Tolstoy and Dostoyevsky reacted violently to Turgenev’s work. The former challenged him to a duel and the latter attacked and caricatured him mercilessly as Karamazinov in The Possessed (1872), a violent attack upon Nihilism. In his introduction to the Modern Library edition, Avrahm Yarmolinsky declares that

Dostoyevsky’s avowed intention in writing it was to drive home certain convictions of his, regardless of whether or not he met the requirements of the art of fiction. He wanted to deal a body blow to the rebels who threatened what he considered to be the foundations of Russian life. Originally he conceived his novel as a political lampoon, a pamphlet against the revolution.

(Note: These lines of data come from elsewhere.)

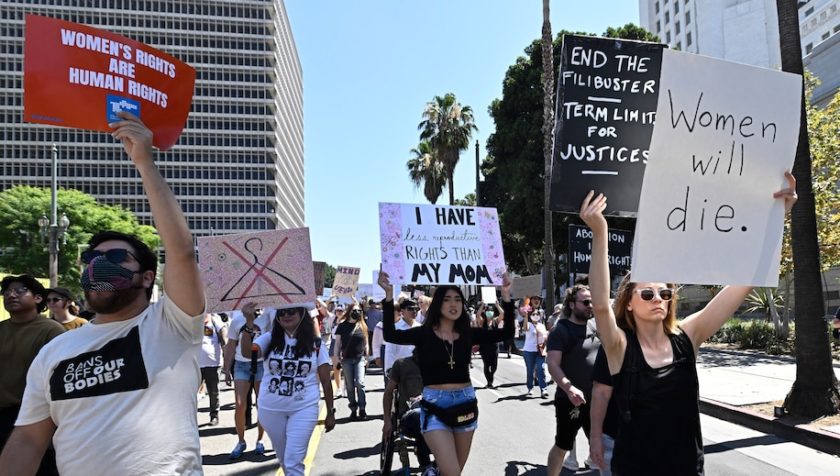 California to vote on constitutional amendment protecting abortion rights 2 California to vote on constitutional amendment protecting abortion rights.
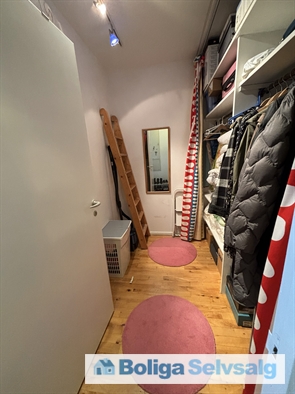 Alsvej 4C, 1. 3., 2970 Hørsholm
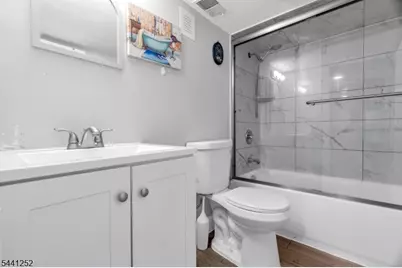 510 Burnham Rd, Elizabeth, NJ 07202 - Photo 28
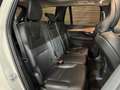 Volvo XC90 2.0 T8 Recharge AWD Plus Bright 7 p. | Pano | 22' Grijs - thumbnail 15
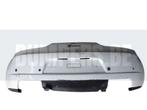 Bumper Porsche Boxster Spyder 981 7426245276 Achterbumper PC, Auto-onderdelen, Gebruikt, -, -, 6 maanden garantie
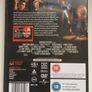 Child's Play 3 [1991] Justin Whalin, Perrey Reeves, Jeremy Sylvers & Brad Dourif [Movie DVD] Image 3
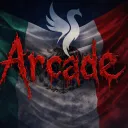 UNIVERSO | ARCADE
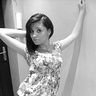 MartaaMktw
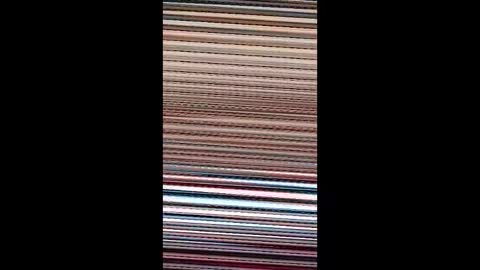 gay_pole online show from December 18, 10:00 am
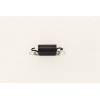 Kit courroie distribution 1HZ 1PZ 1HD-T avant 01-98 - Equipementier d'origine N4-OFFROAD 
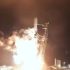 greece-space-launch-004-startupper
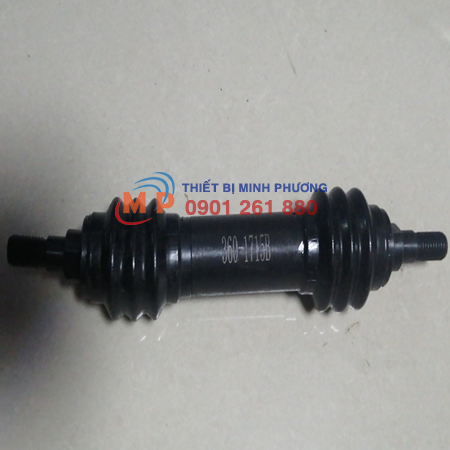 COUPLING 360-1715B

In the massive book which he produced, Dostoyevsky fulfilled his purpose by showing the effect upon a provincial capital of a group of revolutionaries guided by a demoniac leader. Conspiracy, mob violence, arson, and murder temporarily disrupt government. Pyotr Verhovensky returns from revolutionary activity abroad to set up groups throughout Russia. He seeks to knit together this particular group by making all of them participate in the murder of a dissident member. Before he has fled and his group has been caught, three more people have been killed. Nikolay Stavrogin, the book’s perverted central figure, is meant to be the messiah of Pyotr’s movement. The ruin of the whole structure is complete when, on the last page, Nikolay dangles from his own silken noose. Recurring in the book and linked to its title is the image of the biblical Gadarene swine. Pyotr’s father, estranged from his abusive son, is dying partly because of a chain of events set in motion by him. He asks that this passage be read to him and then exclaims:

Those devils that come out of the sick man and enter into the swine. They are all the sores, all the foul contagions, all the impurities, all the devils great and small that have multiplied in that great invalid, our beloved Russia, in the course of ages and ages.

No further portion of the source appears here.